GOAL OF THE EXERCISE: Write out exactly the lines from the one containing "Extreme close-up of" through the last line of the records below, both included, and leave out any pictures.

________________________

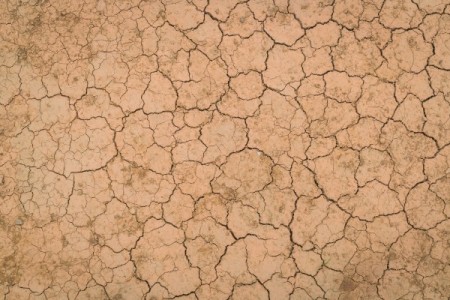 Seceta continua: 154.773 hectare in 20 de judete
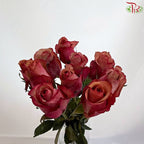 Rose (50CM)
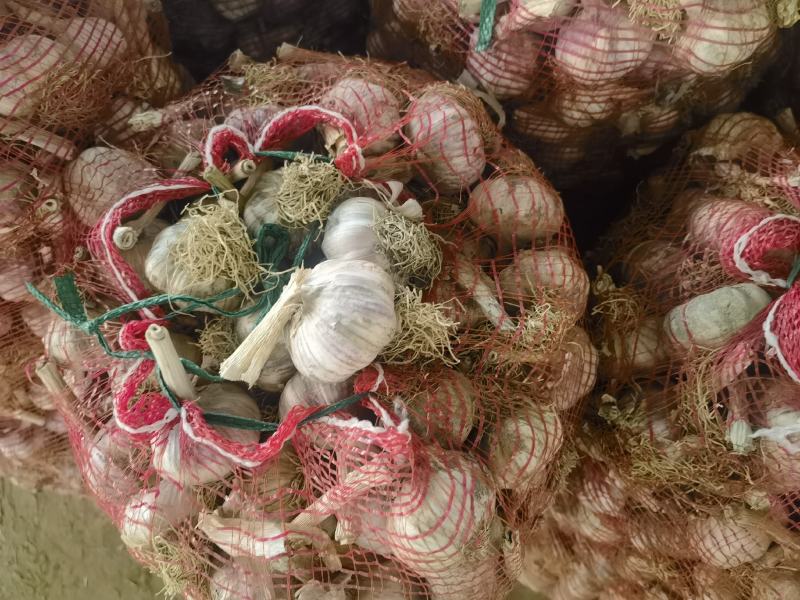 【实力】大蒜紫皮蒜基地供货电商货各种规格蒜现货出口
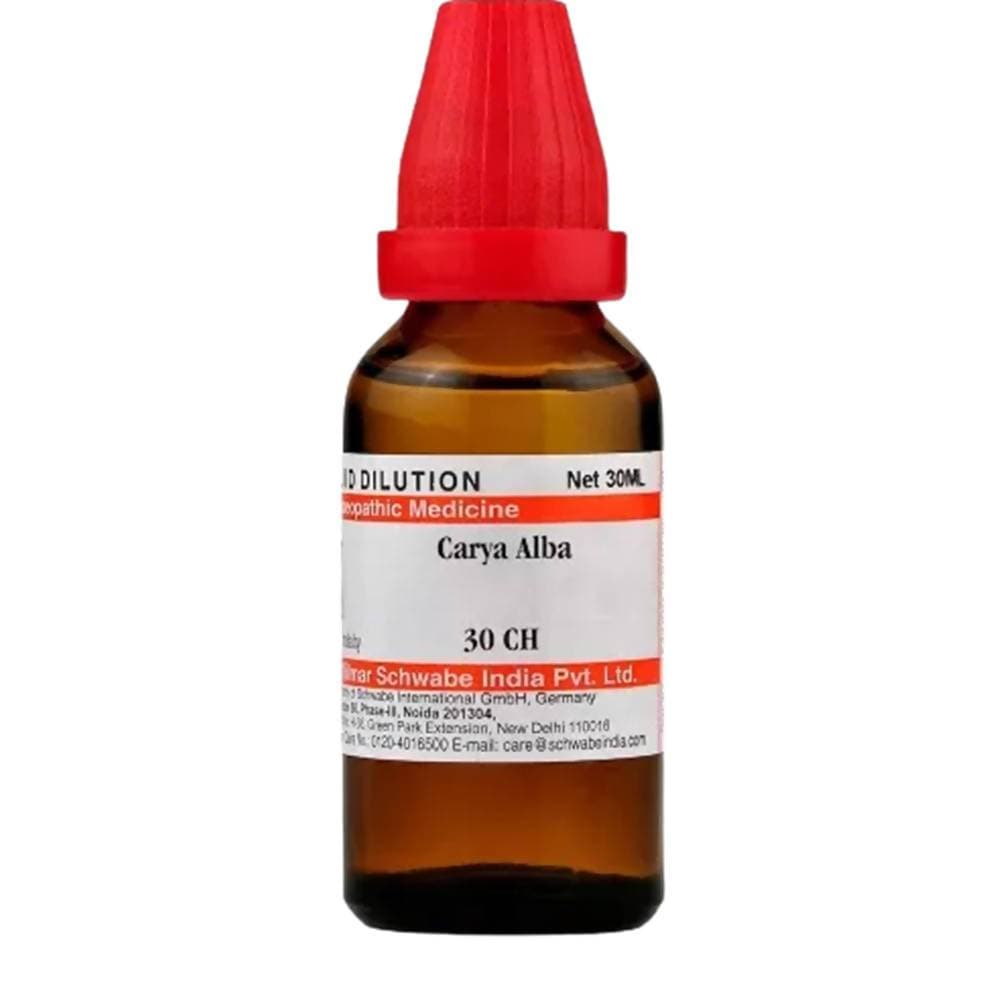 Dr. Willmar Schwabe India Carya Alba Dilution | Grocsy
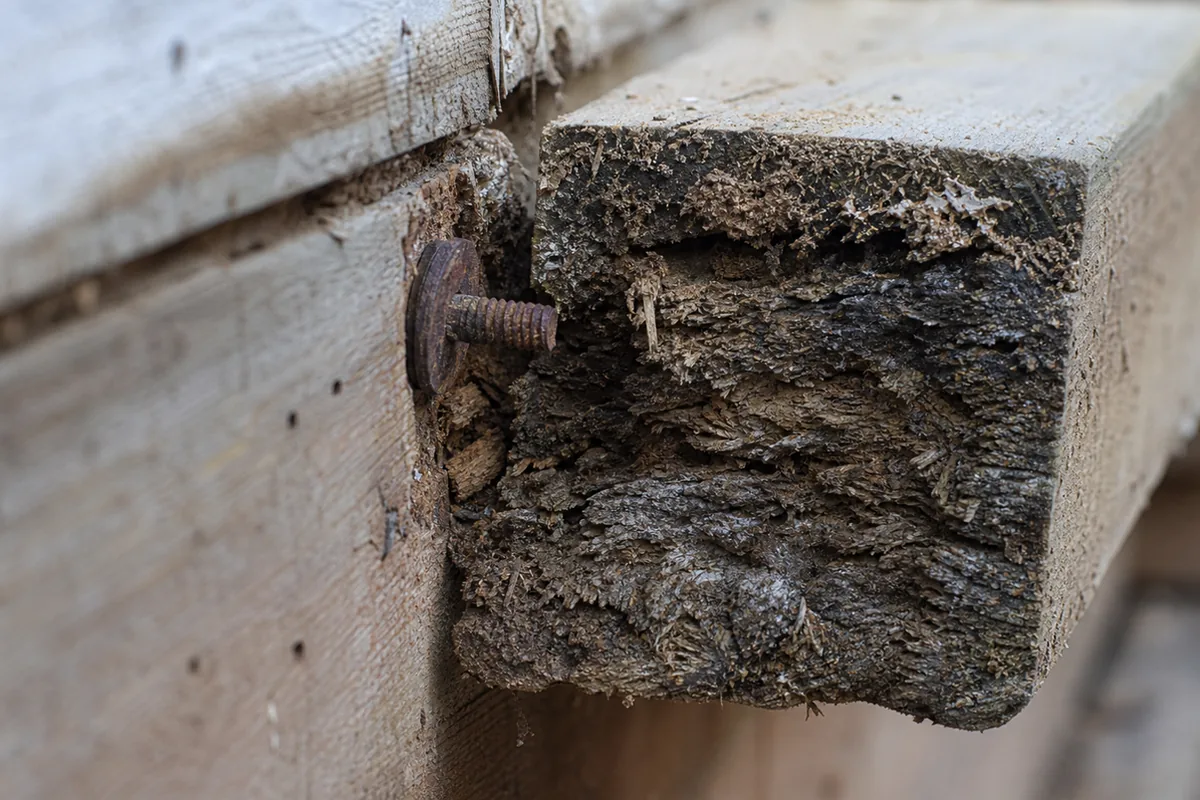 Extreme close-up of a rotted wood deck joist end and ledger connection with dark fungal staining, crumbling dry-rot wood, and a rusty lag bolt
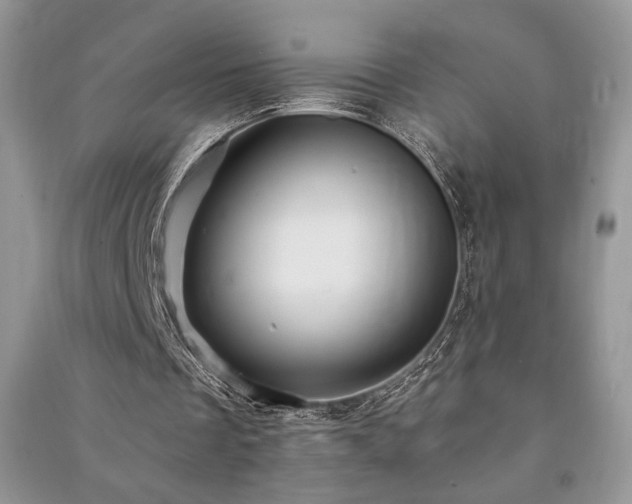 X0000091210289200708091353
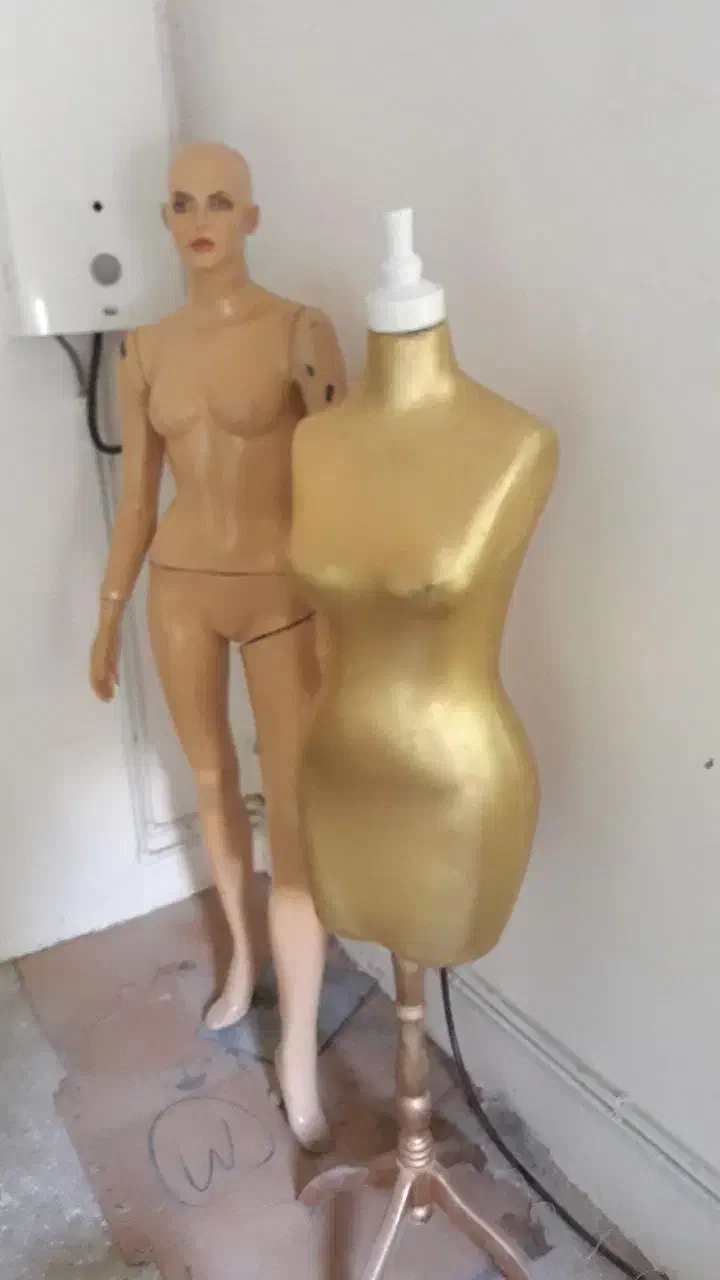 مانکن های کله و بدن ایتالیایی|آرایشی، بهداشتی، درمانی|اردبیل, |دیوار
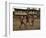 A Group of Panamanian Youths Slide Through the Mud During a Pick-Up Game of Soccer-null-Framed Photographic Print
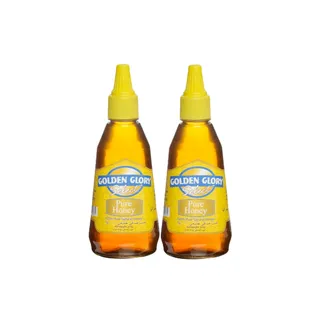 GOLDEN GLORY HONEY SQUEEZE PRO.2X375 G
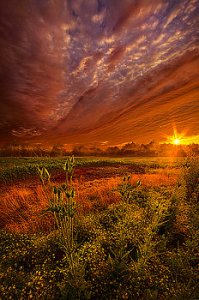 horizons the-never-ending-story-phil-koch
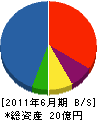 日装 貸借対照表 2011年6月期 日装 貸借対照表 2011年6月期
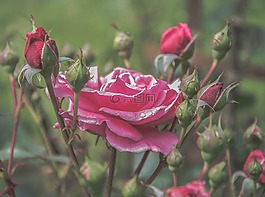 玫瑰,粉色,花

________________________

RESULT FOR THIS EXERCISE:
 Extreme close-up of a rotted wood deck joist end and ledger connection with dark fungal staining, crumbling dry-rot wood, and a rusty lag bolt
 X0000091210289200708091353
 مانکن های کله و بدن ایتالیایی|آرایشی، بهداشتی، درمانی|اردبیل, |دیوار
 A Group of Panamanian Youths Slide Through the Mud During a Pick-Up Game of Soccer-null-Framed Photographic Print
 GOLDEN GLORY HONEY SQUEEZE PRO.2X375 G
 horizons the-never-ending-story-phil-koch
 日装 貸借対照表 2011年6月期 日装 貸借対照表 2011年6月期
 玫瑰,粉色,花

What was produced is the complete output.